* **GOAL OF THE EXERCISE**
Exact copies of all entries are needed. Pictures are to be left out.
---------- MATERIAL FOR THE TASK
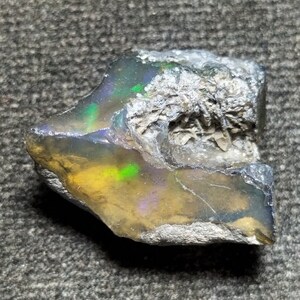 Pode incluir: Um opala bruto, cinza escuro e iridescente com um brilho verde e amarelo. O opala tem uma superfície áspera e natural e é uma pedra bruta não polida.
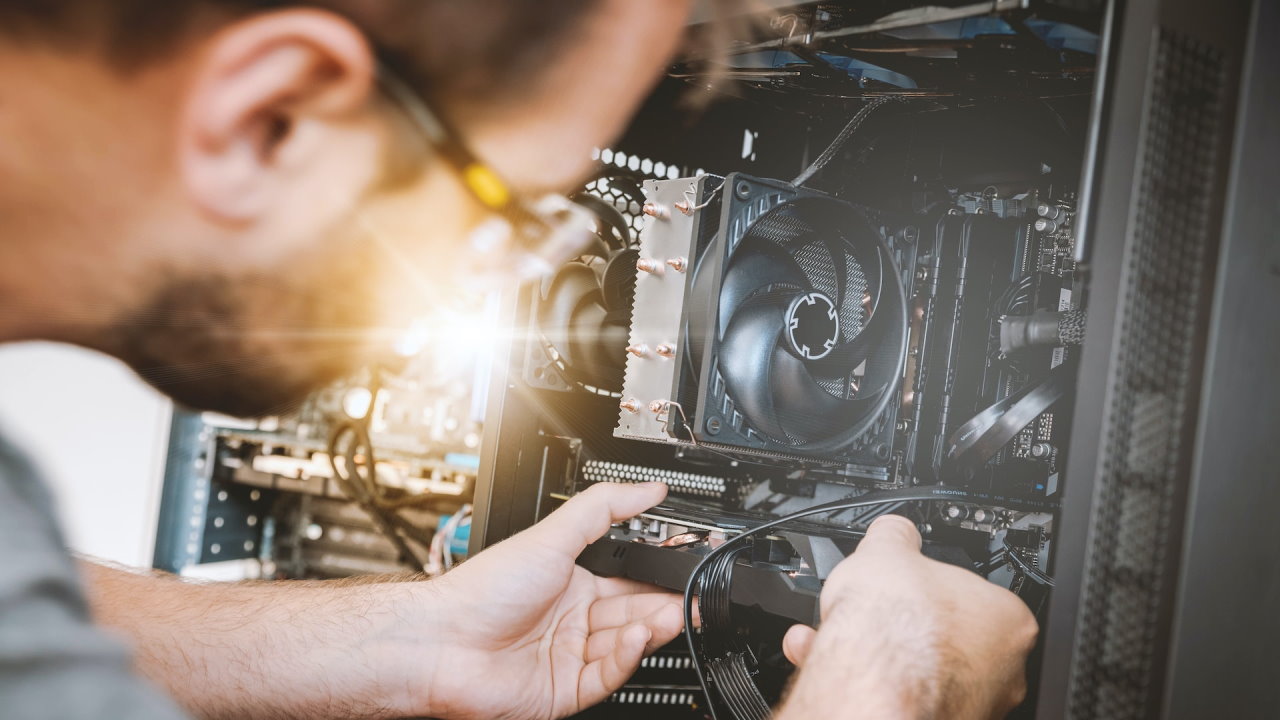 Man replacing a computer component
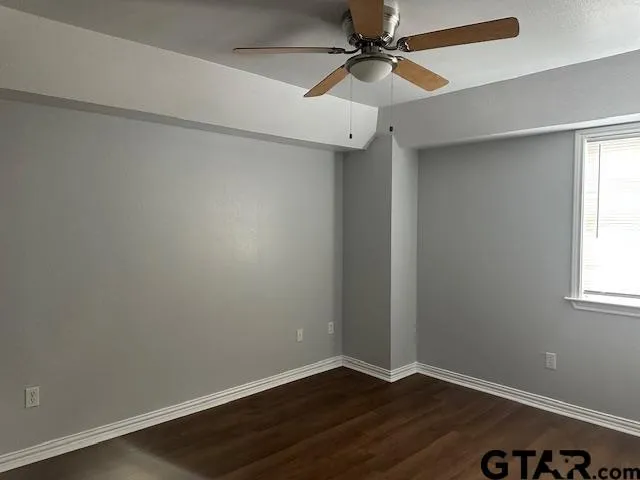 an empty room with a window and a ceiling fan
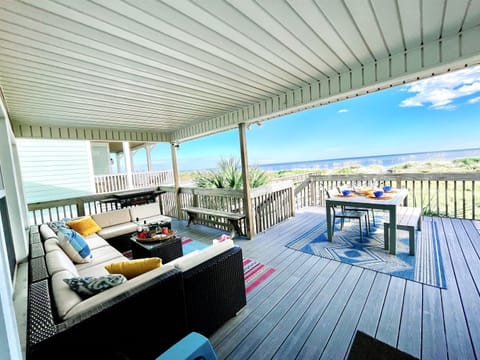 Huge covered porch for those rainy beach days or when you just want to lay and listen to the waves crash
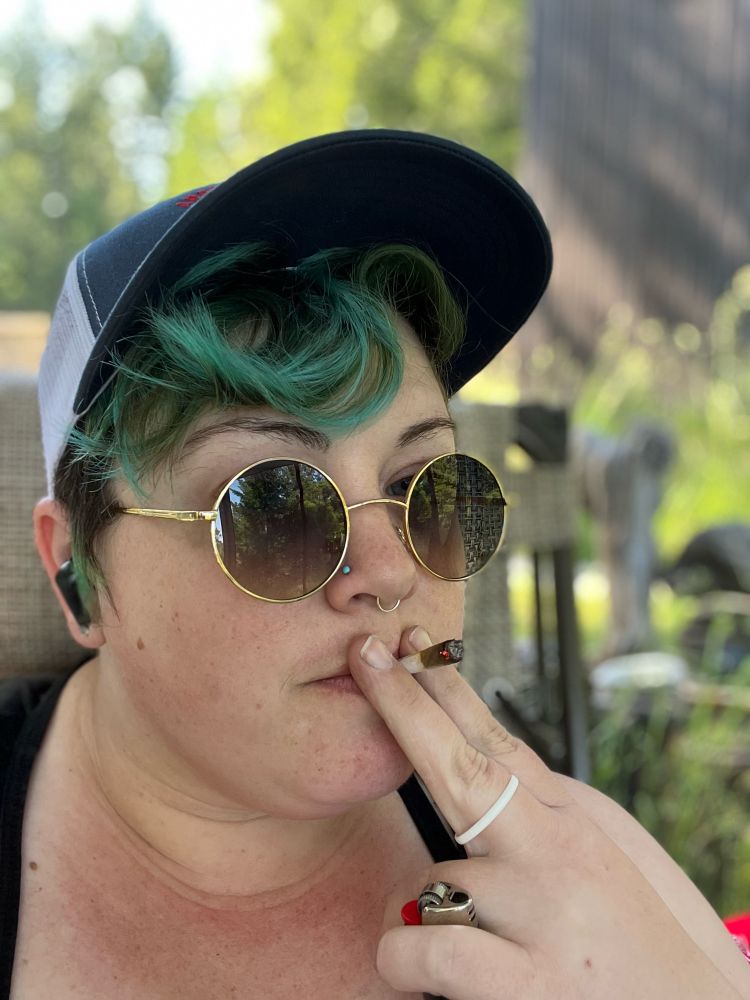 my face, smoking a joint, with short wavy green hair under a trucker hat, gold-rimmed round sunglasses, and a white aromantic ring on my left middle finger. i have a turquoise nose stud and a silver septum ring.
--------------------
* **ANSWER**
 Pode incluir: Um opala bruto, cinza escuro e iridescente com um brilho verde e amarelo. O opala tem uma superfície áspera e natural e é uma pedra bruta não polida.
 Man replacing a computer component
 an empty room with a window and a ceiling fan
 Huge covered porch for those rainy beach days or when you just want to lay and listen to the waves crash
 my face, smoking a joint, with short wavy green hair under a trucker hat, gold-rimmed round sunglasses, and a white aromantic ring on my left middle finger. i have a turquoise nose stud and a silver septum ring.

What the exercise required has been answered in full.